**RECORD EXCERPTS**
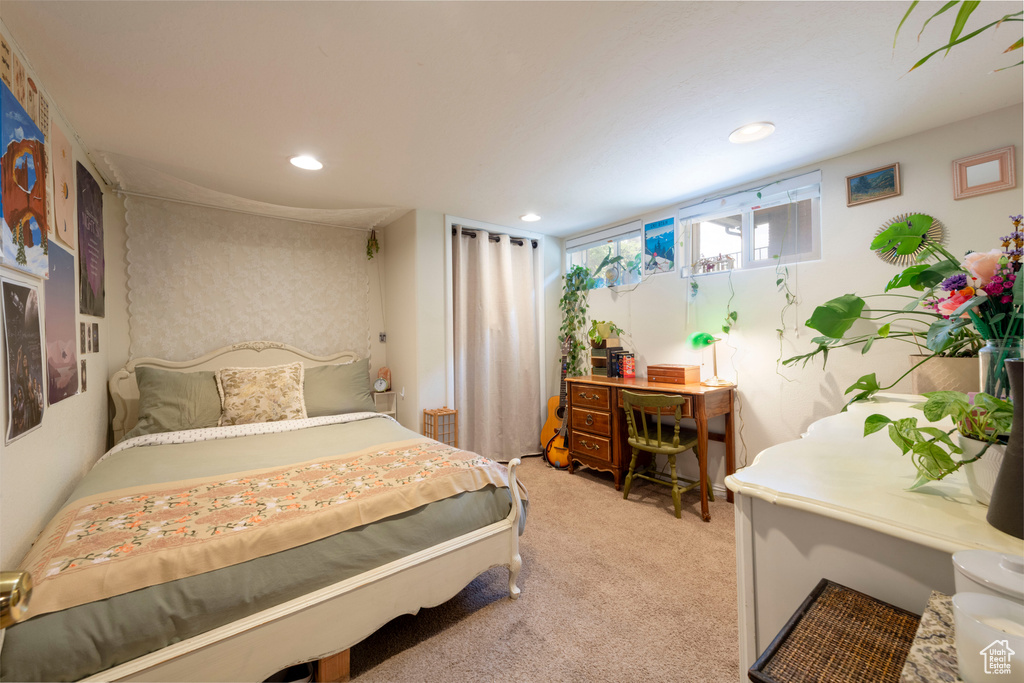 Bedroom with light carpet and recessed lighting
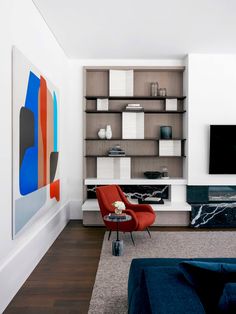 a living room filled with furniture and a flat screen tv on top of a wooden shelf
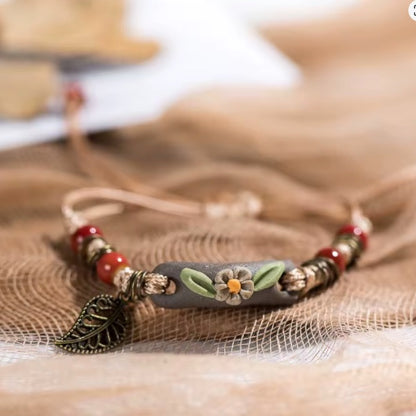 Bracelet Tissé à la Main – Perles en Céramique et Charme Moderne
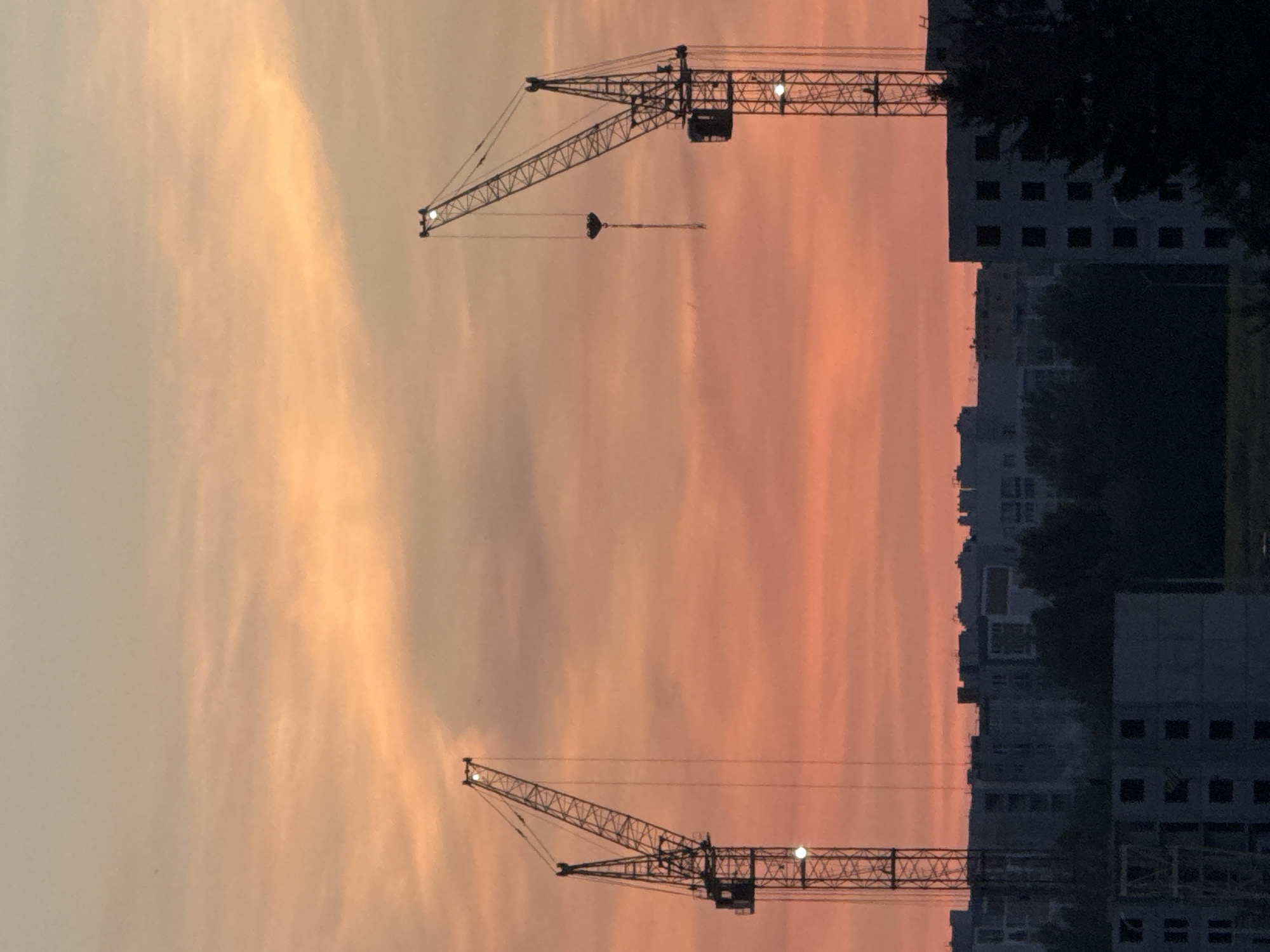 The image shows two large construction cranes silhouetted against a vibrant orange and pink sunset sky. The cranes are positioned on the left and right sides of the frame, with the sky filling the upper two-thirds of the image. Below the cranes, the dark silhouettes of unfinished apartment buildings and trees are visible, suggesting an urban or suburban construction site. The sky has wispy clouds that catch the light of the setting sun, creating a dramatic and colorful backdrop. The scene depicts ongoing construction activity in the city of Palikavichy, Belarus.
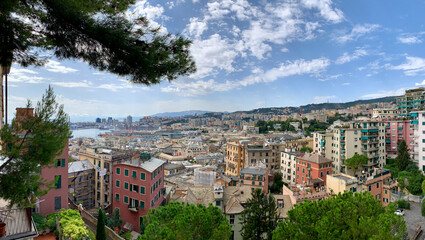 Fototapeta na wymiar Panoramic view of Genoa in Liguria, Italy with pastel coloured houses and port in background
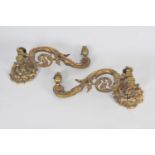 A pair of adjustable heavy cast brass lamp sconces (electrifiied) with scrolling arms, 37 x 17cm.
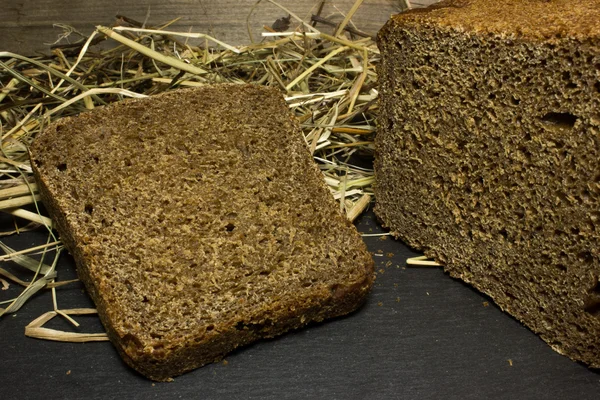 Pan de centeno negro en el fondo del heno — Foto de Stock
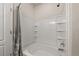 Bathroom featuring a tiled shower and tub with a white shower curtain at 1836 Taos St, Brighton, CO 80603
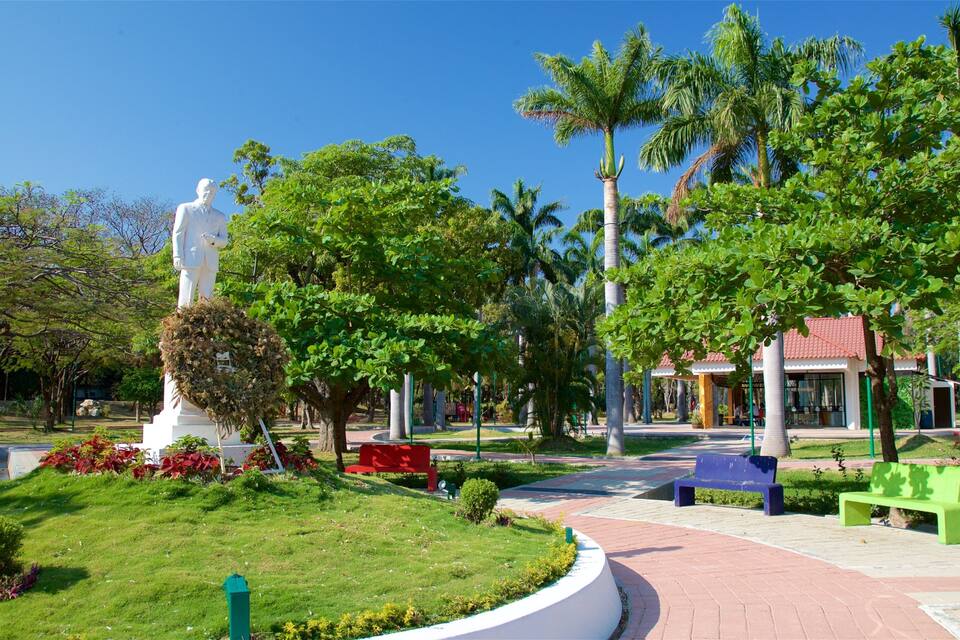 A statue in a park with palm trees, benches, and a building with a red roof.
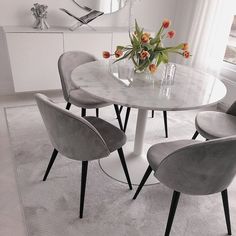 a dining table with four chairs and a vase filled with tulips on top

**TASK GOAL**
Keep pictures out and return the lines from the one containing "A statue in" through the end of the listing, both included, character for character.

**PROBLEM SOLUTION**
 A statue in a park with palm trees, benches, and a building with a red roof.
 a dining table with four chairs and a vase filled with tulips on top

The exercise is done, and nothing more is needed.